We explore the use of hierarchical Partially Observable Markov Decision Process (HPOMDP) models to represent and learn a multiresolution spatial structure representation of indoor office environments. The hierarchical POMDP model is based on the hierarchical Hidden Markov Model (HHMM). HPOMDPs can be learned from sequences of observations using an extension of the hierarchical Baum-Welch estimation algorithm for HHMMs. We apply the HPOMDP model to indoor robot navigation and show how this framework can be used to represent multiresolution spatial maps. In the HPOMDP framework the environment is modeled at different levels of resolutions where abstract states represent both spatial and temporal abstraction. We test our hierarchical POMDP approach using a large simulated (modeled after a real environment) navigation environment. The results show that the hierarchical POMDP model is more capable in inferring the spatial structure than a uniform resolution "flat" POMDP.

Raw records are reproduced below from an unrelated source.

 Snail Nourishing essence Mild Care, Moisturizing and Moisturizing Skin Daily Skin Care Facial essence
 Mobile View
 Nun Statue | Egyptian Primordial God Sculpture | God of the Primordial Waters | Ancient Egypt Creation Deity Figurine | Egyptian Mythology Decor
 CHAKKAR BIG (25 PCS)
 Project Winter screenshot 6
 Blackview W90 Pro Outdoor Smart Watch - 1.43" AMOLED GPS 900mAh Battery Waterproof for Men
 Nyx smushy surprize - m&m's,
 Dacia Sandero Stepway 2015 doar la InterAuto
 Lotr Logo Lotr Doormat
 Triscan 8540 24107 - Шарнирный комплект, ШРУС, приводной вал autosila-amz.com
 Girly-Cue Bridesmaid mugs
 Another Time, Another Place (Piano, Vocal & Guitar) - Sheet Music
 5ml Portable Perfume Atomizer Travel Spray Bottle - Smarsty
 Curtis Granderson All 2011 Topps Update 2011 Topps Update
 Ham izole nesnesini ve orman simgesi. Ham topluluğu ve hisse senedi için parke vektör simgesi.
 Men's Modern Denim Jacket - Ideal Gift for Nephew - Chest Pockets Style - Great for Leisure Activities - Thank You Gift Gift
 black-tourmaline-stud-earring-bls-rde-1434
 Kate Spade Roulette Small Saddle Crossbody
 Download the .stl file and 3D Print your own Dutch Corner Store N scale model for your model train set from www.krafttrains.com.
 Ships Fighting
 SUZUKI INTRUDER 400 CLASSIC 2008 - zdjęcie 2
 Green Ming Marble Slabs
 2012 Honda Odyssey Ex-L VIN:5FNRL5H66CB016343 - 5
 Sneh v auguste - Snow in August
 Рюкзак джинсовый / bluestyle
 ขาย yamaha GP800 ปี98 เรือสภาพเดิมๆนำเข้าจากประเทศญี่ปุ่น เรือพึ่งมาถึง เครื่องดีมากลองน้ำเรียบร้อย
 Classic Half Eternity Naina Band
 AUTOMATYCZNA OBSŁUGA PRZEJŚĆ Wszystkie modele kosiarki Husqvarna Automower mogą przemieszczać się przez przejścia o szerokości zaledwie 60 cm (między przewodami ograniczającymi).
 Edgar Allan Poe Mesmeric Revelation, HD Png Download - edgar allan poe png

ICRA Conference 2001 Conference Paper

Learning Hierarchical Partially Observable Markov Decision Process Models for Robot Navigation

  • Georgios Theocharous
  • Khashayar Rohanimanesh
  • Sridhar Mahadevan

We propose and investigate a general framework for hierarchical modeling of partially observable environments, such as office buildings, using hierarchical hidden Markov models (HHMMs). Our main goal is to explore hierarchical modeling as a basis for designing more efficient methods for model construction and usage. As a case study we focus on indoor robot navigation and show how this framework can be used to learn a hierarchy of models of the environment at different levels of spatial abstraction. We introduce the idea of model reuse that can be used to combine already learned models into a larger model. We describe an extension of the HHMM model to includes actions, which we call hierarchical POMDPs, and describe a modified hierarchical Baum-Welch algorithm to learn these models. We train different families of hierarchical models for a simulated and a real world corridor environment and compare them with the standard "flat" representation of the same environment. We show that the hierarchical POMDP approach, combined with model reuse, allows learning hierarchical models that fit the data better and train faster than flat models.